• _Available records_:
++++++

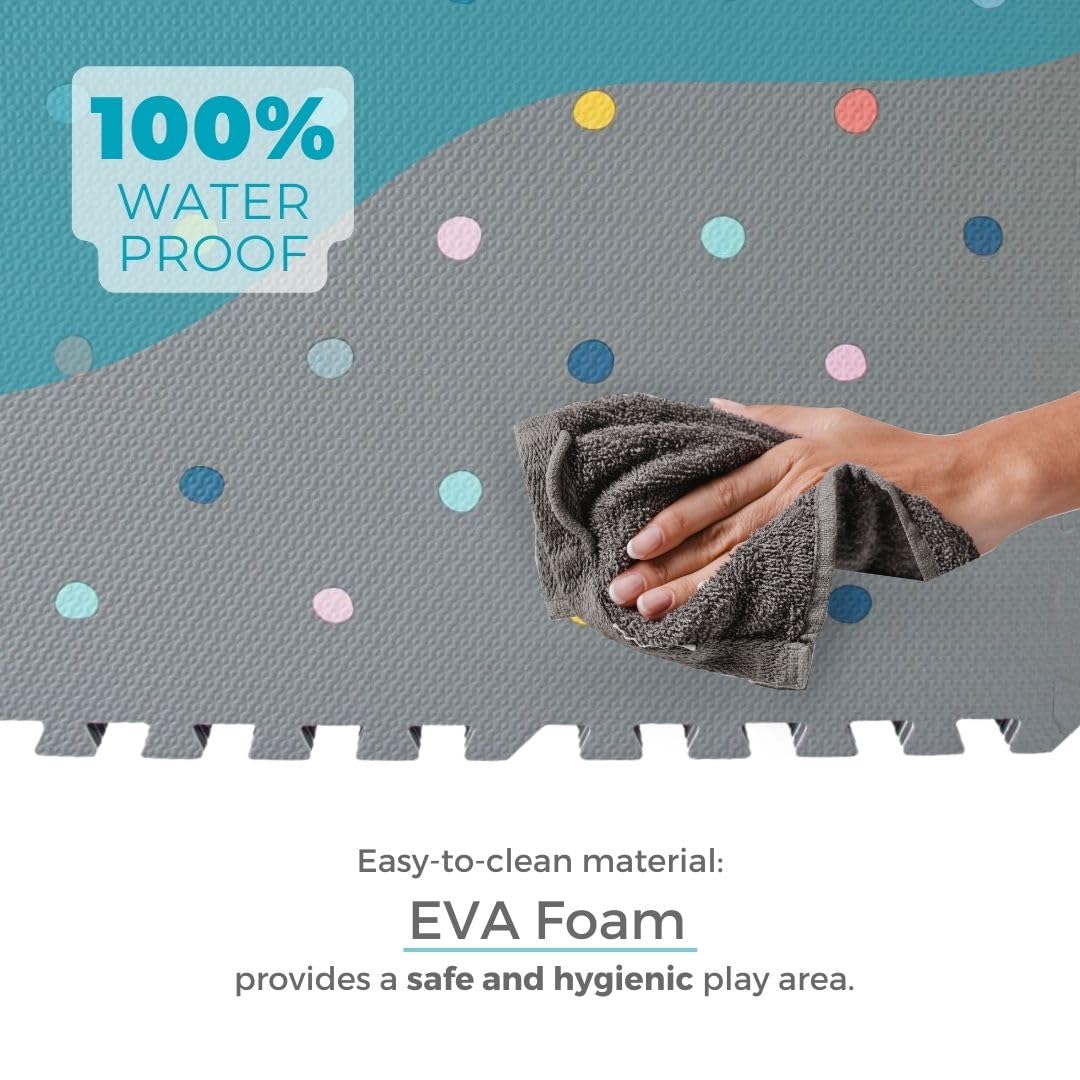 Soft Non-Toxic Baby Play Mat, Toddler Playmat, Colorful Jigsaw Puzzle PlayMat, Tiles 24 x 24 inch Foam Floor Mats for Kids & Babies | EVA Foam Interlocking Tiles for Nursery, Playroom (Grey 6 PCS)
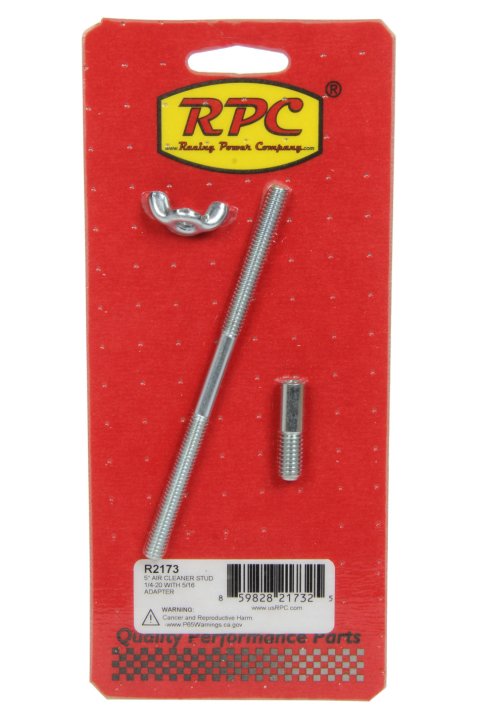 Air Cleaner Stud - 1/4-20 in Thread - 5 in Long - 5/16-18 in Adapter - Steel - Zinc Oxide - Each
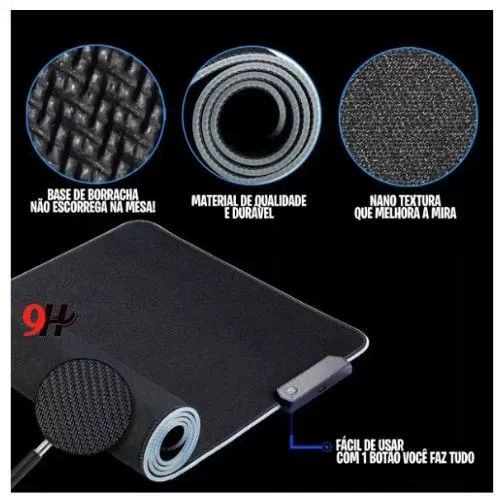 Mouse pad Gamer Cores Led Rgb Grande Speed Usb 80x30cm3mm 7 cores 14 tipos de iluminacao - Foto 4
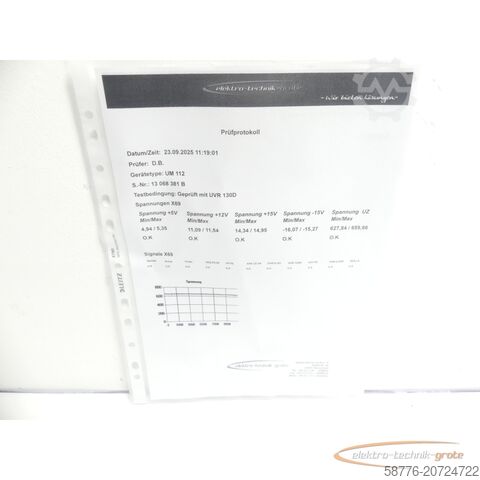 Componente Heidenhain Heidenhain UM 112 ID 325 001-02 SN13068381B generalüberholt mit 3 Mon. Gewährl.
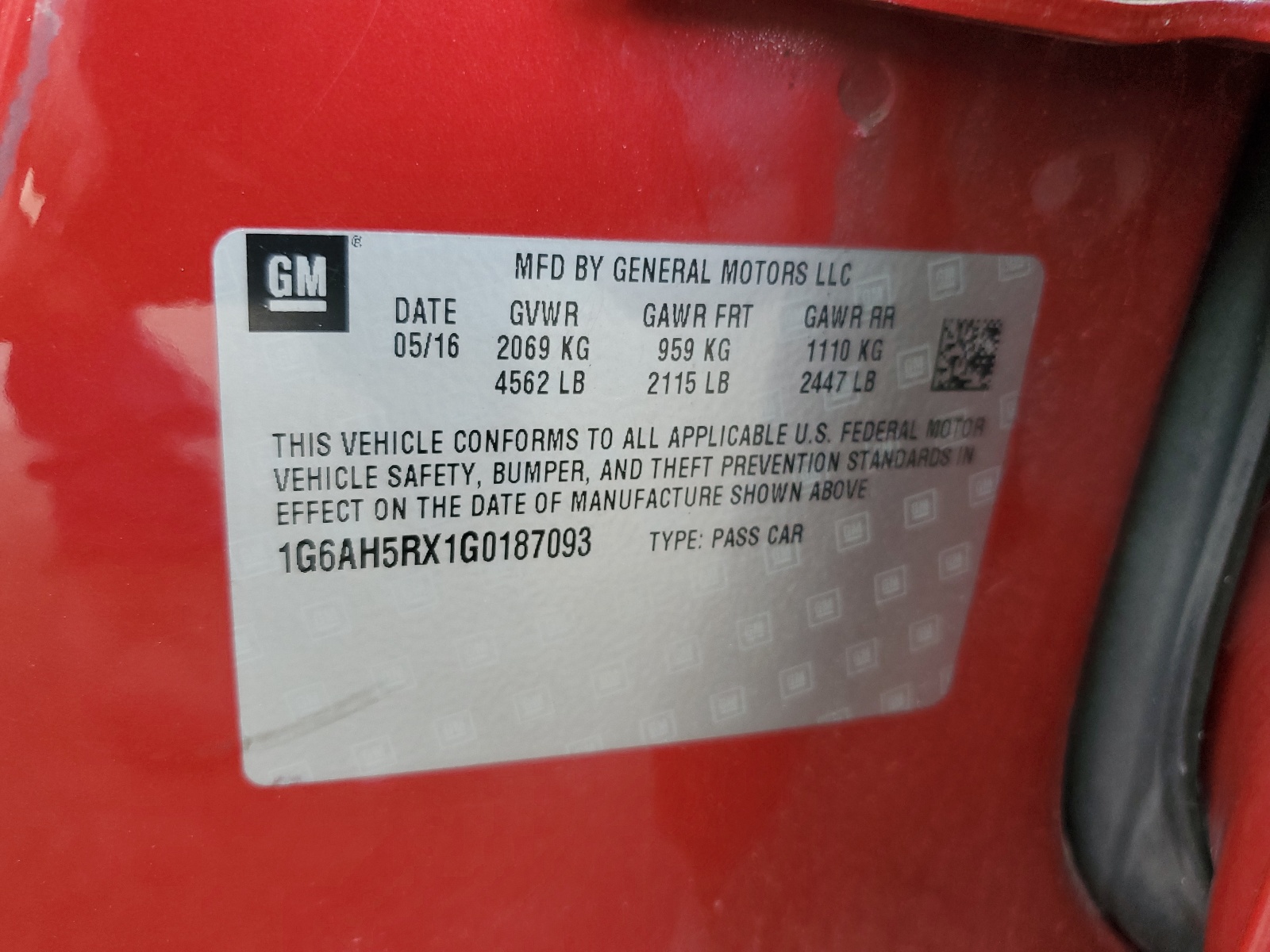 1G6AH5RX1G0187093 2016 Cadillac Ats Luxury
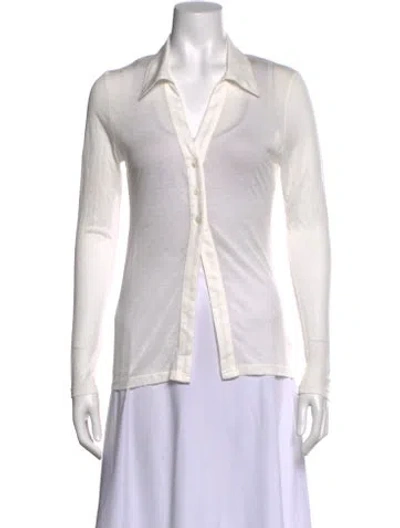 Pre-owned Almina Concept Long Sleeve Button-up Top In White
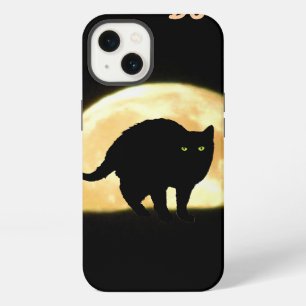 Arching Black Cat and Super Moon iPhone Case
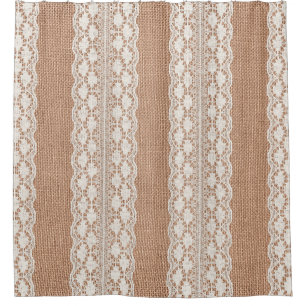 Off-White Lace on Brown Burlap Texture Shower Curtain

++++++

• _Problem description_: This calls for an exact copy of all the entries above, with the pictures omitted.

• _Problem solution_:
 Soft Non-Toxic Baby Play Mat, Toddler Playmat, Colorful Jigsaw Puzzle PlayMat, Tiles 24 x 24 inch Foam Floor Mats for Kids & Babies | EVA Foam Interlocking Tiles for Nursery, Playroom (Grey 6 PCS)
 Air Cleaner Stud - 1/4-20 in Thread - 5 in Long - 5/16-18 in Adapter - Steel - Zinc Oxide - Each
 Mouse pad Gamer Cores Led Rgb Grande Speed Usb 80x30cm3mm 7 cores 14 tipos de iluminacao - Foto 4
 Componente Heidenhain Heidenhain UM 112 ID 325 001-02 SN13068381B generalüberholt mit 3 Mon. Gewährl.
 1G6AH5RX1G0187093 2016 Cadillac Ats Luxury
 Pre-owned Almina Concept Long Sleeve Button-up Top In White
 Arching Black Cat and Super Moon iPhone Case
 Off-White Lace on Brown Burlap Texture Shower Curtain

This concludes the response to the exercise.